DATASET CONTENT →

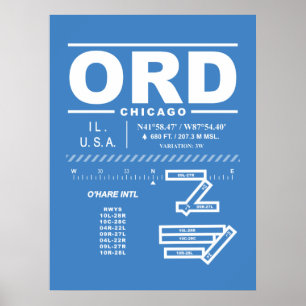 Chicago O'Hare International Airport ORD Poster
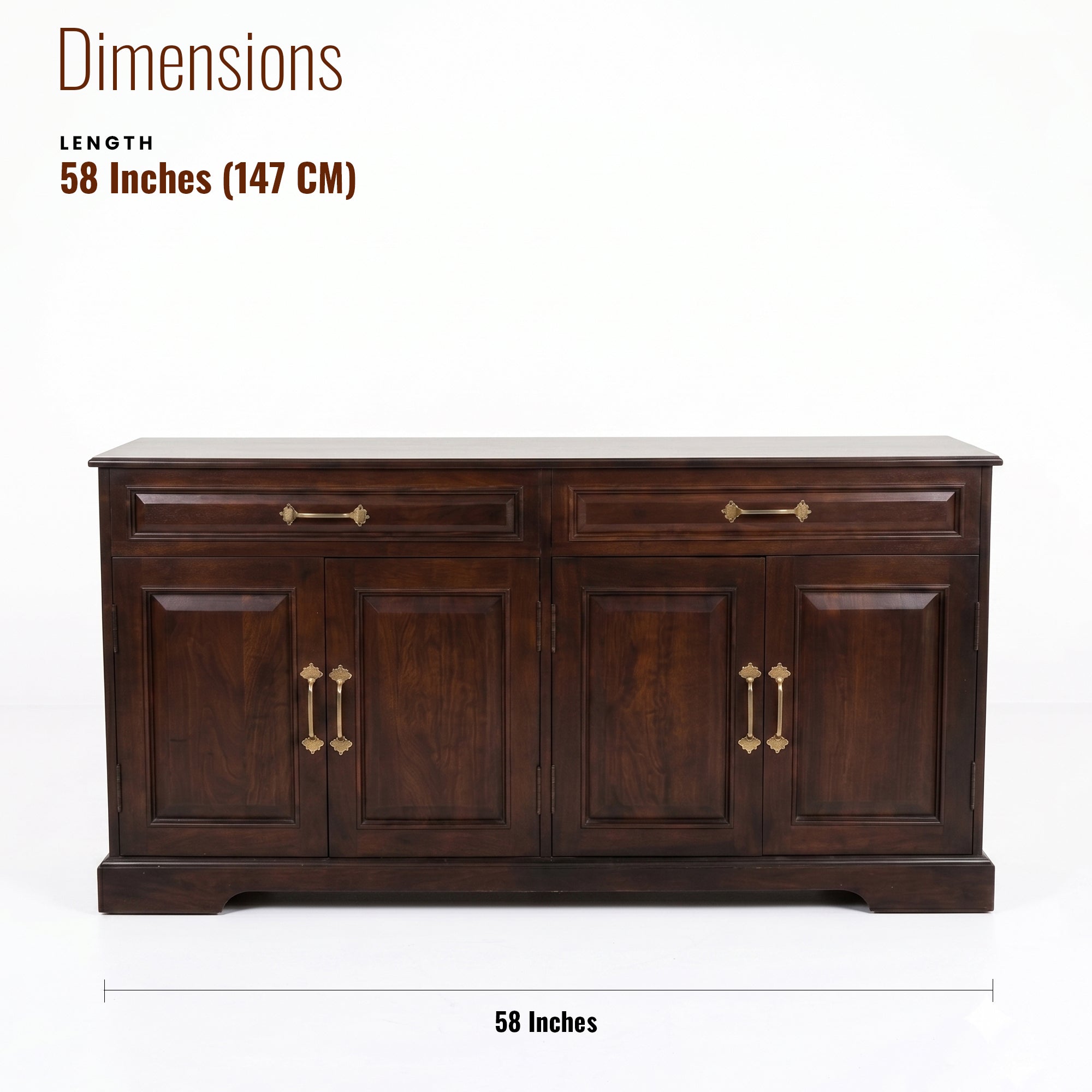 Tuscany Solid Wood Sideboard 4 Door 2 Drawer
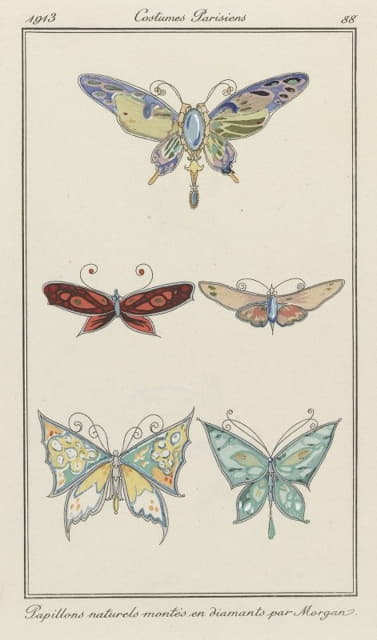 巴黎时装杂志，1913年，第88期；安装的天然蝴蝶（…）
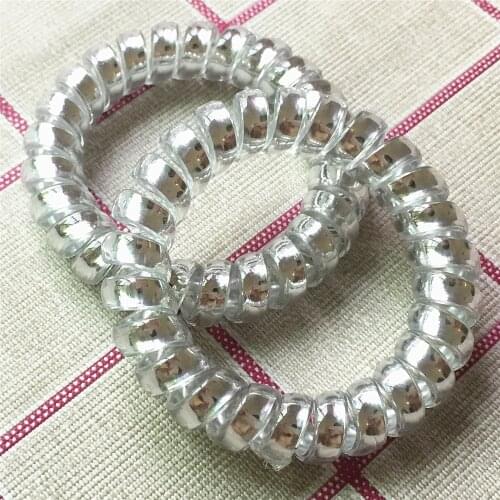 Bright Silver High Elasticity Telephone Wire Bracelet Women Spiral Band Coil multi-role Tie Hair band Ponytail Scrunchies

EXERCISE REQUIREMENTS → Nothing but the lines from the one with "巴黎时装杂志，1913年，第88期；安装的天然蝴蝶（…）" through the last line of the material above should appear in the answer, each copied exactly, with no pictures.

ANSWER TO THIS TASK →
 巴黎时装杂志，1913年，第88期；安装的天然蝴蝶（…）
 Bright Silver High Elasticity Telephone Wire Bracelet Women Spiral Band Coil multi-role Tie Hair band Ponytail Scrunchies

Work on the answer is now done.